I’ve used the request library for years in unrelated production code that continues to be rock-solid through lots of external chaos. I’ve been successfully using it in Panda3d for about 6 months with as many as 10 concurrent asynchronous streams of https GET running for hours on deployments to Windows, AWS Windows, and Linux.

rdb · May 10, 2021, 9:06am

Are you setting threading-model with Panda3D? It may be a deadlock in Panda. We have seen these kinds of issues before, but I thought them fixed in the latest stable version. You can try upgrading to 1.10.9 to see if that makes a difference.

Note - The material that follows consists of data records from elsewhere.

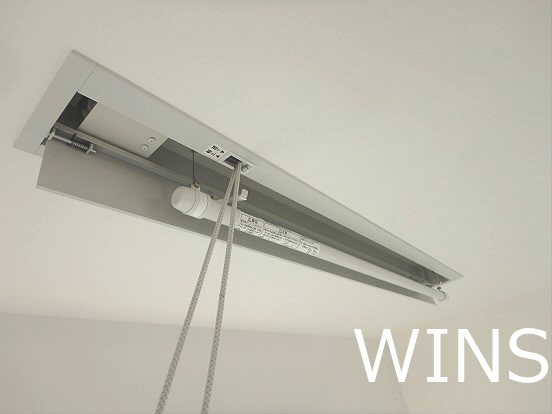 エリカ その他9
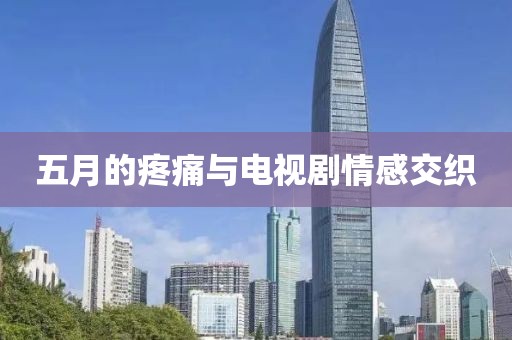 五月的疼痛与电视剧情感交织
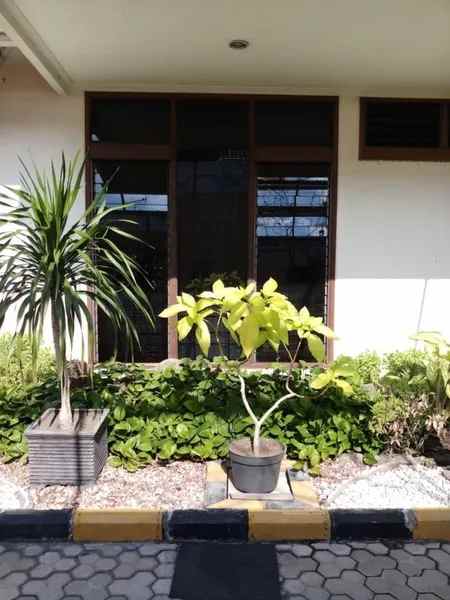 murah rumah area kenjeran hitung tanah 6 jutaan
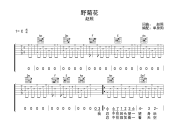 野菊花吉他谱 赵照-野菊花六线谱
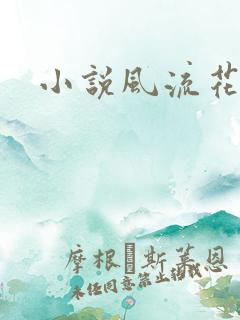 小说风流花少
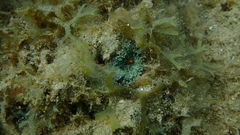 Ricordea florida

These are usually fairly easy to find, but does require someone to poke around in your application using a C++ debugger to get a stack trace of the two deadlocked threads.

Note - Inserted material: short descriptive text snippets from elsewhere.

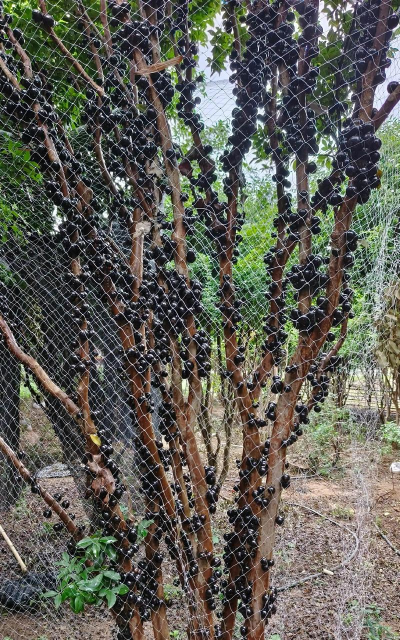 家里阳光不足怎么养花，选对植物种类，掌握养护技巧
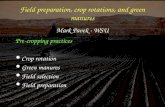 Field preparation, crop r otations , and green  manures Mark Pavek - WSU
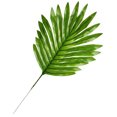 thumbnail image 1 of 20PCS Artificial Leaf Lifelike Decorative Artificial Plant Fake Leaf for Home, 1 of 8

logos · May 10, 2021, 5:00pm

I tried threading-model cull/draw at one point a few months ago, but found it unnecessary for the performance that I wanted. So, no, I’m not using threading-model.

I’ve been testing with 1 building in my scene and a request to my task on the 2nd taskchain to construct an additional Geom for the building. It executes 4 GETs, constructs, a Geom, then reparents NodePath(Geom) to render.
I was getting the deadlock with running 1.10.8. I this morning updated to 1.10.9 and still reliably get a deadlock on the before Panda3d displays the created Geom.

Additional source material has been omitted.